しかし、第25話でいきなり物語の雰囲気ががらりと変わり、「魅せる」演出になったと感じた。見ているだけでゾクゾクしてくるような言葉と映像。そして第26話でハジけた。私の語彙では何がどう、とうまく説明できないが、それまでのダラダラ感にもすべて意味があったと思わせるようなレントンエウレカの再開。いままで他の作品から借りてきていた「繋がり」だったものが、作品中での「繋がり」に変わり、その繋がりがようやくこの作品独自の模様を作りはじめた。この回だけで、エウレカセブンは存在価値を得た、と思う。

それまでは「とりあえず録画しておいて後で見る」程度だったが、今は「早く続きが見たい」と思うようになっているくらいだ。

ああ、安彦良和の話だったのに脱線してしまった。つまりはそういうわけで彼が言っている序盤のダラダラ感はわかる。それを真正面から突っ込んでいるのはこの本の中では安彦だけだった。しかしそのアニメにとって不利な話をあえて掲載するというこの本のスタンスは評価できると思う*1

演出とアニメーターの間に軋轢はあったようだが、ここ数話の勢いからして、その軋轢はもう乗り越えられたのではないだろうかと、勝手に期待している。


あとは気がついた細かい突っ込みどころ。

第2話でホランドが「ねだるな、勝ち取れ、さすれば与えられん」という言葉を師匠から聞いた、という台詞があったが、この師匠について、アドロックであるという解説*2とチャールズであるという解説*3が両方載っていた。

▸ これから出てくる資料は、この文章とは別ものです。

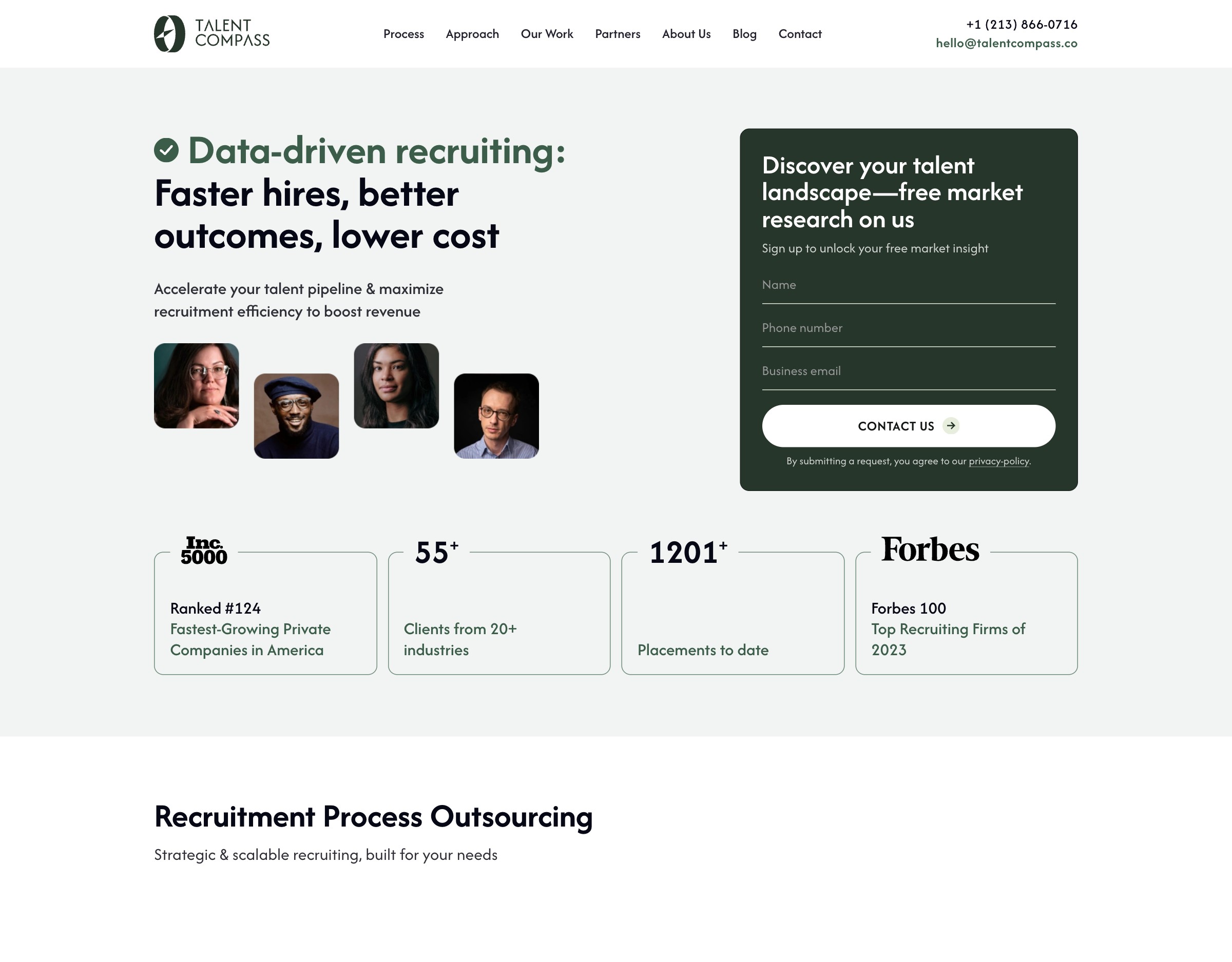 Talent Compass website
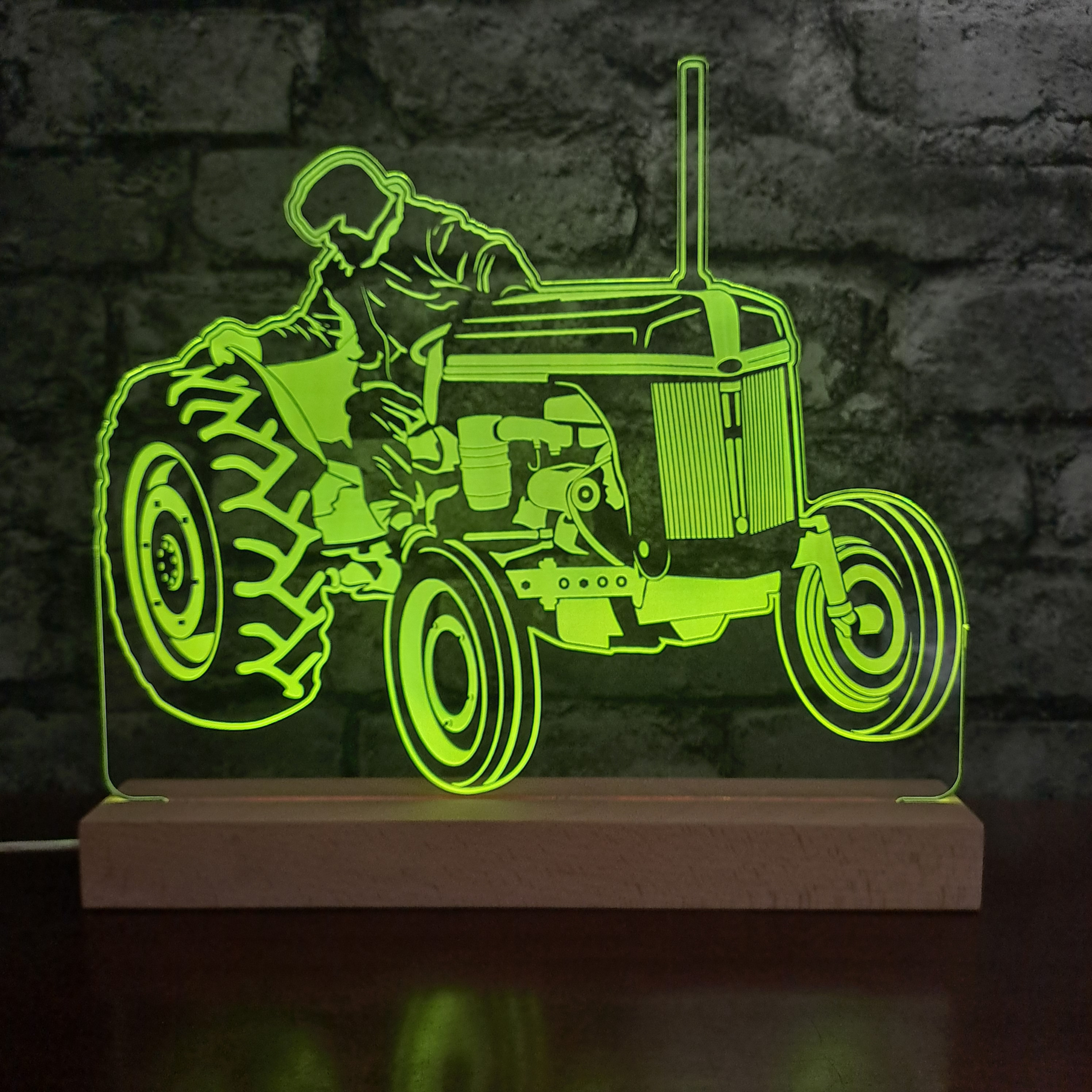 Classic Tractor LED Night Light, Classic Tractor Gift, Father's
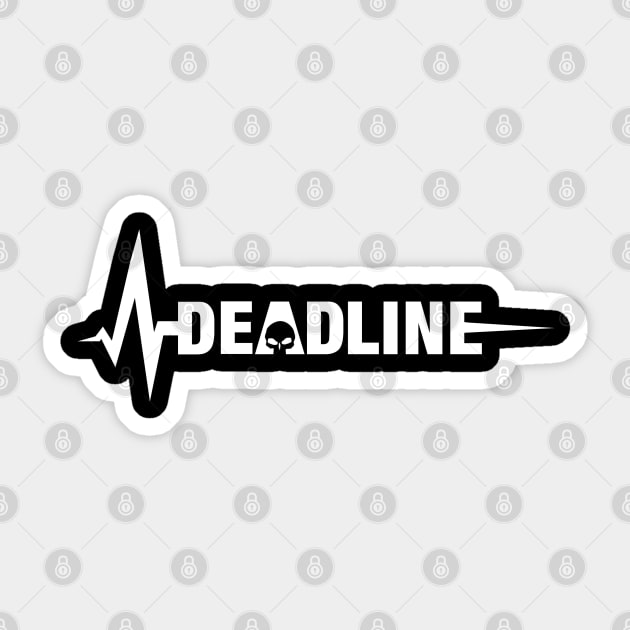 Deadline Sticker by raxarts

実際にはどちらなんだろうか。アドロック→チャールズ→ホランドという経路なのか、それともホランドが直接アドロックに師事していたのか。ま、今後明らかになるだろうけど。

p.124のニルバーシュの手の解説で「手のひらは柔らかいカバーで覆われており、手の甲には硬い装甲が付いている」とあるが、設定画の方には「手の平側は硬い」「手の甲側はやわらかいカバーでおおっている」と書いてる。設定画を見ると確かに手の平の方が硬そう。

p.149の変なSD-LFO占いで。最後のサマナー・ターミナスR606の日付が、2.19→2.20になってる。1日しかねーのかよ! って3.30の間違いだろうけど。って何で誤植まで見つけちゃってんだろ。

あとこれは公式ホムペの方でも訂正記事が出てたけど、「角川エウレカキャンペーン」の応募券に「見本」の文字が入ってしまっている。

関連

*1:ま、対談だから勝手に削ることができなかった、ってのもあるんだろうけど。

*2:p.22 中央付近「アドロックが呼んでいるぜ」の解説。